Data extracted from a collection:
---

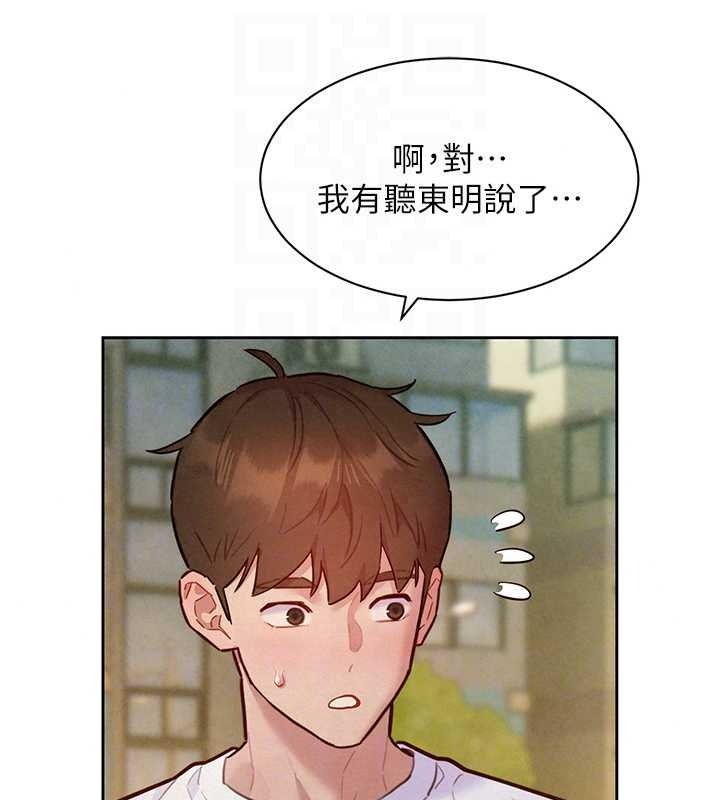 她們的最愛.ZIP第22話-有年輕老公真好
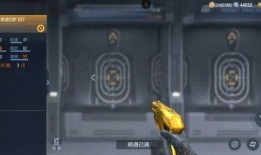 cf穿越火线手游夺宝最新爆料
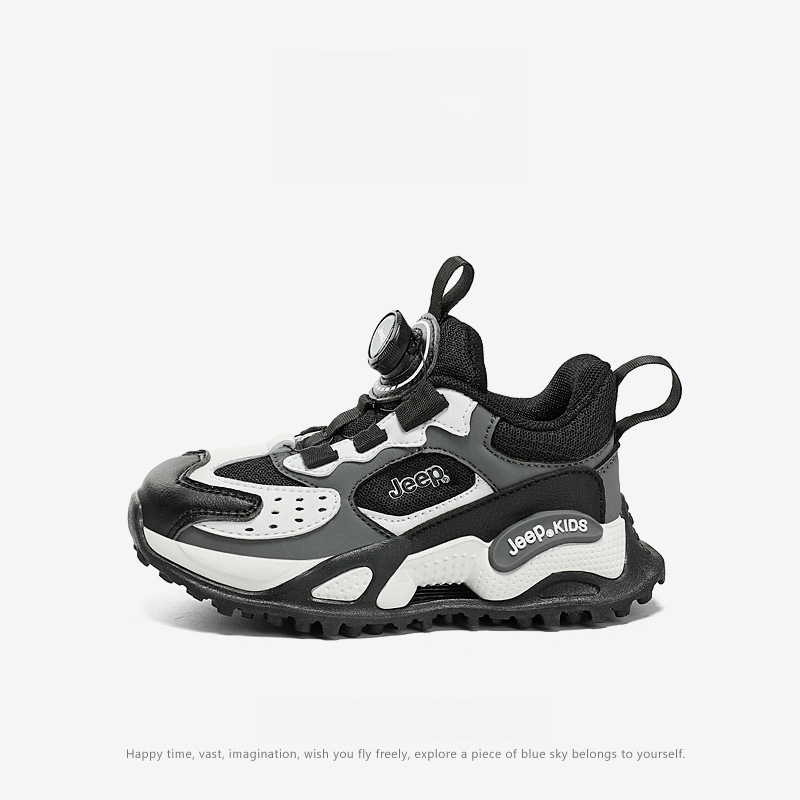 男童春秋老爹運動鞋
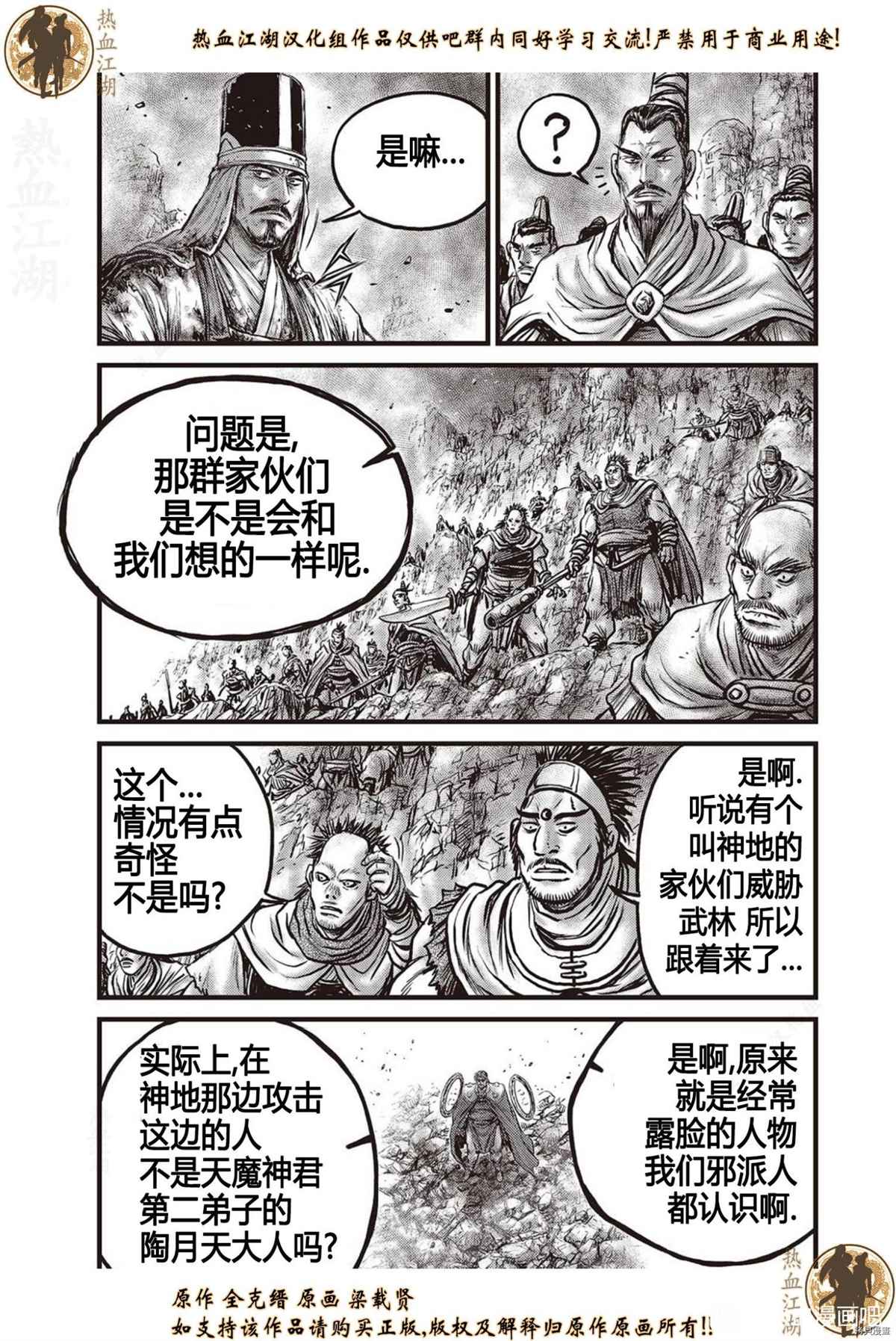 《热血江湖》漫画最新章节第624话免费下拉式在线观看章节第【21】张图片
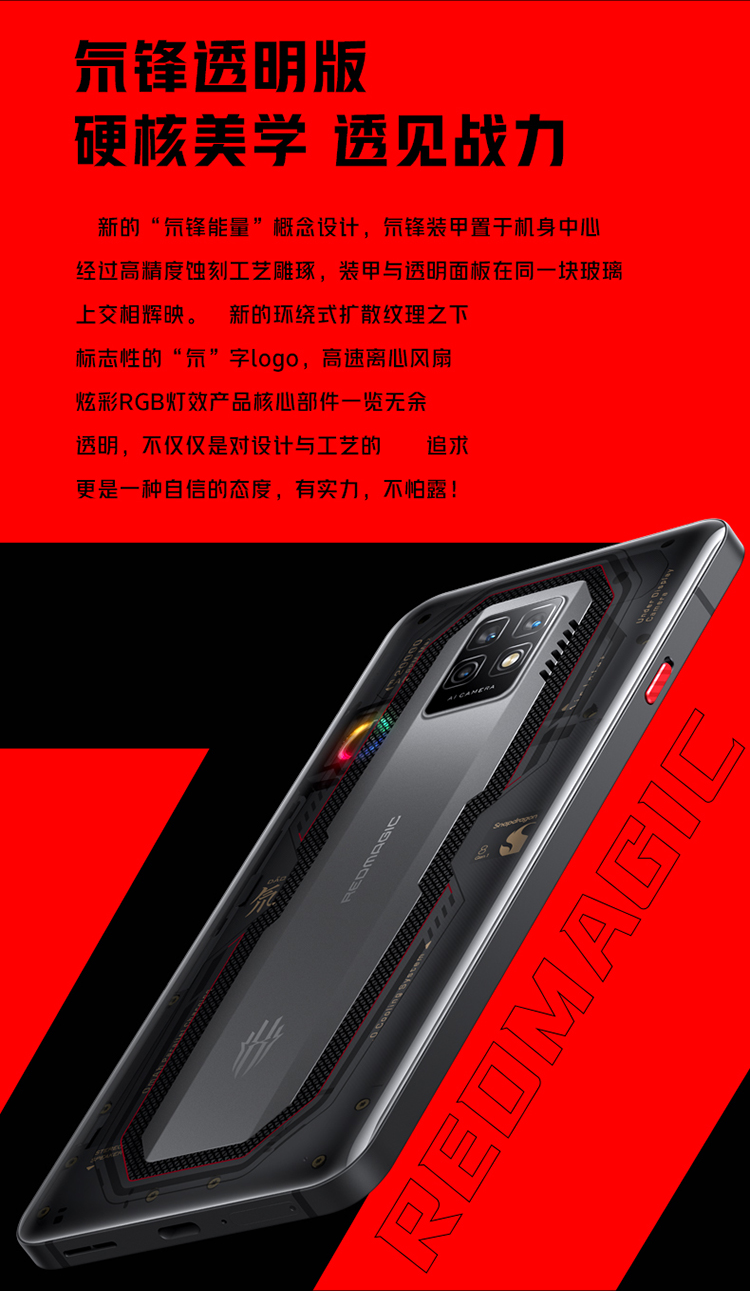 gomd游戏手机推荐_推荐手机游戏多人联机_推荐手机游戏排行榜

---

WORK TO COMPLETE>
Repeat the records above exactly, leaving out any pictures they contain.

EXERCISE ANSWER>
 她們的最愛.ZIP第22話-有年輕老公真好
 cf穿越火线手游夺宝最新爆料
 男童春秋老爹運動鞋
 《热血江湖》漫画最新章节第624话免费下拉式在线观看章节第【21】张图片
 gomd游戏手机推荐_推荐手机游戏多人联机_推荐手机游戏排行榜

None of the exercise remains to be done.